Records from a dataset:
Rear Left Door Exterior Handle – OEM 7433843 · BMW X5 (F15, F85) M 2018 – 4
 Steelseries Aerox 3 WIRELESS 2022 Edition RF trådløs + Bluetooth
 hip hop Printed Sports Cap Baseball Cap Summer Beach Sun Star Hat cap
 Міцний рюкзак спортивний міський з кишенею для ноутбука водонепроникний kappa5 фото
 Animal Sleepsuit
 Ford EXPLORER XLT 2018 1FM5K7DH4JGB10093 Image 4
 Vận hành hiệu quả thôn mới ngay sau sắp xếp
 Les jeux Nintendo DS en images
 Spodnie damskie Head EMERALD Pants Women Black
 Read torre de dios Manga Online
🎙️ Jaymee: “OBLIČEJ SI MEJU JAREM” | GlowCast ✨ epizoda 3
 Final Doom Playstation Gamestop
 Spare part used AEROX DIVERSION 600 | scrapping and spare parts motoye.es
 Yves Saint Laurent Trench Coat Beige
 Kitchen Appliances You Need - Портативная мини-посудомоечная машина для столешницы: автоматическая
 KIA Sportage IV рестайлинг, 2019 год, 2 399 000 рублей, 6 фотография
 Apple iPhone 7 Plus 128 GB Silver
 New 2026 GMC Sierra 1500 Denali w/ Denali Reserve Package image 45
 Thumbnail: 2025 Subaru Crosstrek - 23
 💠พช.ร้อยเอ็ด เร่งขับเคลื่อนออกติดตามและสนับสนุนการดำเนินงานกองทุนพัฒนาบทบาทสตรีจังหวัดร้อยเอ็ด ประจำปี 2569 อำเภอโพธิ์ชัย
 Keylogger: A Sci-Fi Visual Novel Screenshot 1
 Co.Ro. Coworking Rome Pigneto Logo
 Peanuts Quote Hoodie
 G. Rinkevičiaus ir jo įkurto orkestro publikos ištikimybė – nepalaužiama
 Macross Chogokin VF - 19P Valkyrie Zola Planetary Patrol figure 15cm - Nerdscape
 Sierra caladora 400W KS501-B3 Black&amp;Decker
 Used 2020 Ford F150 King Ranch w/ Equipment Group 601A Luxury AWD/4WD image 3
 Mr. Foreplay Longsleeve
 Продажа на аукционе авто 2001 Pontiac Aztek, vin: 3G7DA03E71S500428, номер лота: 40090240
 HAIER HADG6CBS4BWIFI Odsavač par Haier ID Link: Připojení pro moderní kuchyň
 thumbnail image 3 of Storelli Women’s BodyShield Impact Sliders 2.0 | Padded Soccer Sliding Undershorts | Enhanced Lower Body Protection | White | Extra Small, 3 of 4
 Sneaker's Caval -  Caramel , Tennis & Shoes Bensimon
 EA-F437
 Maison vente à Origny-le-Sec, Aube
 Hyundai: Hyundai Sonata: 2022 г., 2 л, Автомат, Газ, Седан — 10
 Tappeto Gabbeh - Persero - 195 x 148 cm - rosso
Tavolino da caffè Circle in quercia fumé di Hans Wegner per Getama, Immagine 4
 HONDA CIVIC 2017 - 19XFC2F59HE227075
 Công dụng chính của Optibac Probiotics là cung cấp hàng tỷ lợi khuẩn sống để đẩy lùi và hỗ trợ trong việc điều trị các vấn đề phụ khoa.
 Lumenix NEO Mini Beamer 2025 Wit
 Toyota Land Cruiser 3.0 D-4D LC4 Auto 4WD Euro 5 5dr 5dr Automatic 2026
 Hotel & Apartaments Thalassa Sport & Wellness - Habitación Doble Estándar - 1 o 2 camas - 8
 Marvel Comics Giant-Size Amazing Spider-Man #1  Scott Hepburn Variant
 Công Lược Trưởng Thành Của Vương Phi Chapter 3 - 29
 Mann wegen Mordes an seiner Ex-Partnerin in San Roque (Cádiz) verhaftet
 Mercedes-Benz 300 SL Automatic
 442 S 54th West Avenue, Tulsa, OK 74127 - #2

**Task requirements:** Give only how many lines above hold "Công".

**Exercise output:** 2